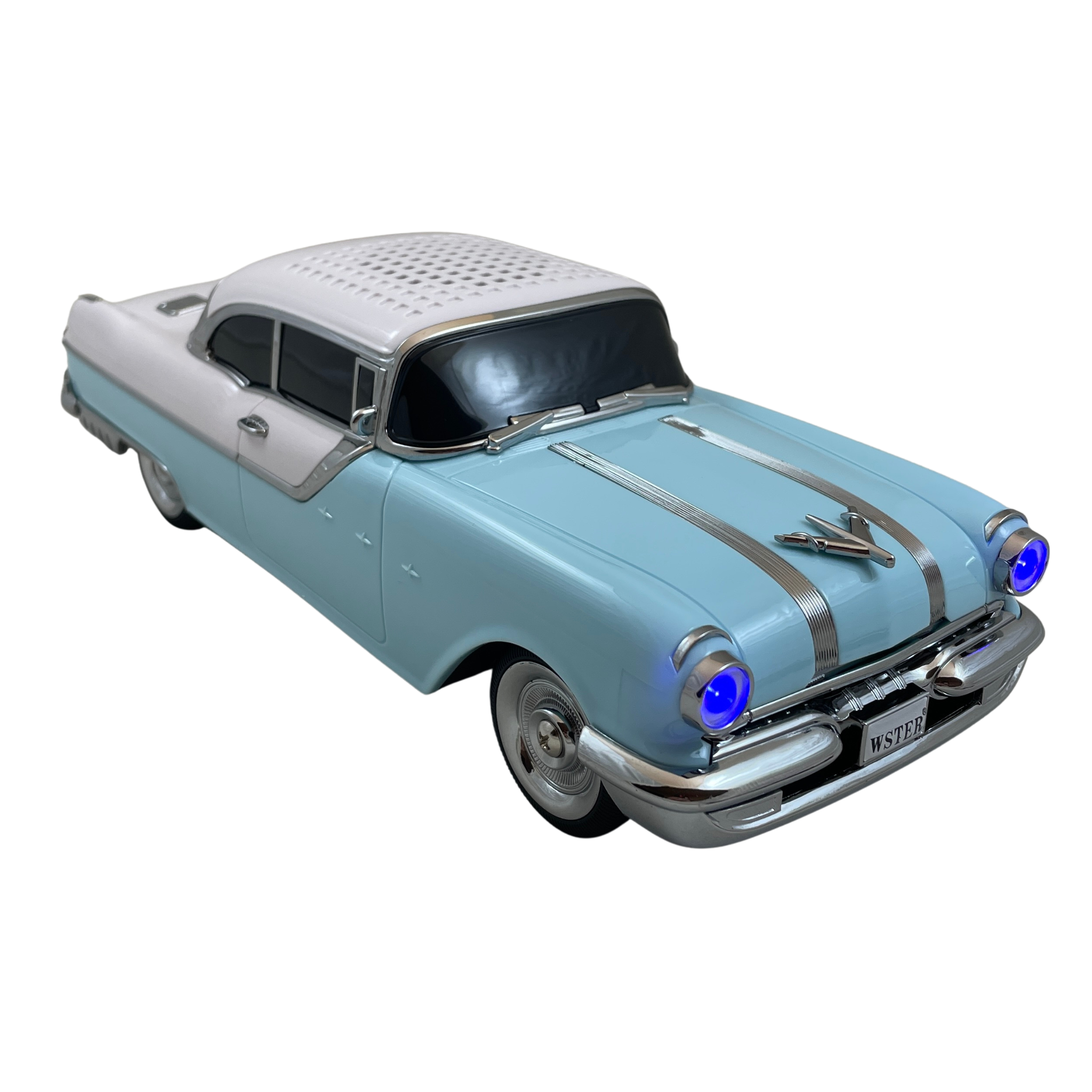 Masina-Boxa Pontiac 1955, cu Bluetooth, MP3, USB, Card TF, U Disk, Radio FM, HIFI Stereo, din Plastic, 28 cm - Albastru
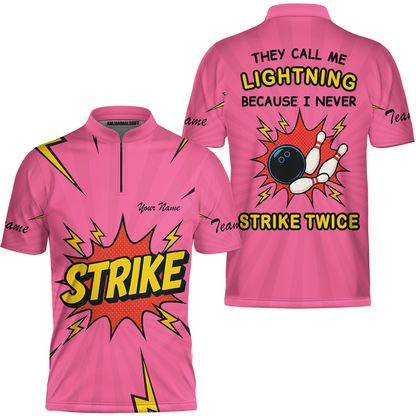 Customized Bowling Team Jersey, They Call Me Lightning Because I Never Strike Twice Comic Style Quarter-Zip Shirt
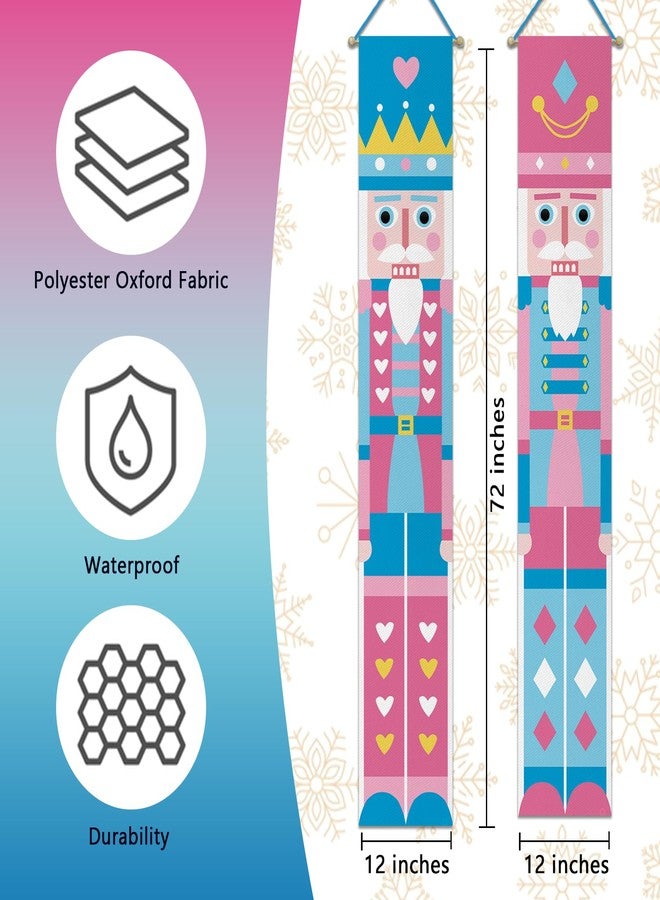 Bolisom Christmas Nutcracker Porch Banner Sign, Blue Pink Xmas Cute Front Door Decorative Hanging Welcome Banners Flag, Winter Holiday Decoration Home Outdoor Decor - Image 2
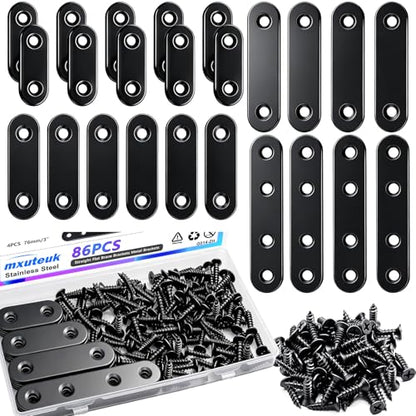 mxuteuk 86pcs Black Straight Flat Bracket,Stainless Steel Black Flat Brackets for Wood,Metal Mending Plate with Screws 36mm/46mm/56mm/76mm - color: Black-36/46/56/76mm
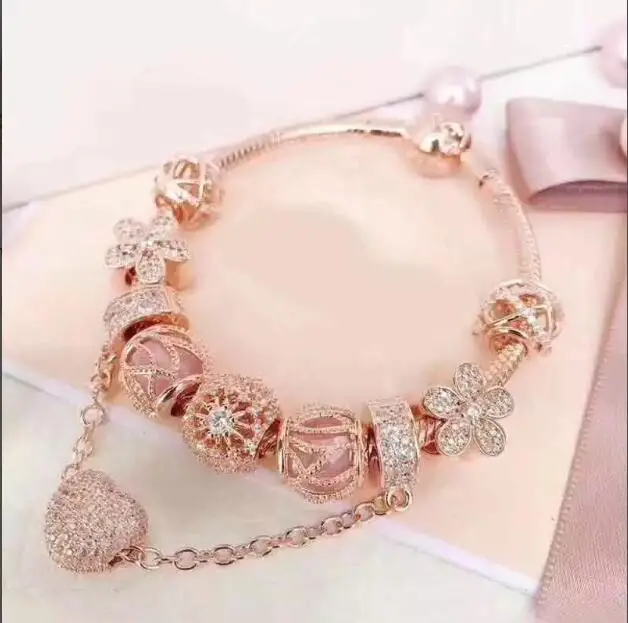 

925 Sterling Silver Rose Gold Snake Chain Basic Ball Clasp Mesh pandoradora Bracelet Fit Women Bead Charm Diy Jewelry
------------------------------------
**Instructions for the task:** The answer should contain every line of the material exactly as written and no pictures.

**Completed task:**
 Masina-Boxa Pontiac 1955, cu Bluetooth, MP3, USB, Card TF, U Disk, Radio FM, HIFI Stereo, din Plastic, 28 cm - Albastru
 Customized Bowling Team Jersey, They Call Me Lightning Because I Never Strike Twice Comic Style Quarter-Zip Shirt
 Bolisom Christmas Nutcracker Porch Banner Sign, Blue Pink Xmas Cute Front Door Decorative Hanging Welcome Banners Flag, Winter Holiday Decoration Home Outdoor Decor - Image 2
 mxuteuk 86pcs Black Straight Flat Bracket,Stainless Steel Black Flat Brackets for Wood,Metal Mending Plate with Screws 36mm/46mm/56mm/76mm - color: Black-36/46/56/76mm

925 Sterling Silver Rose Gold Snake Chain Basic Ball Clasp Mesh pandoradora Bracelet Fit Women Bead Charm Diy Jewelry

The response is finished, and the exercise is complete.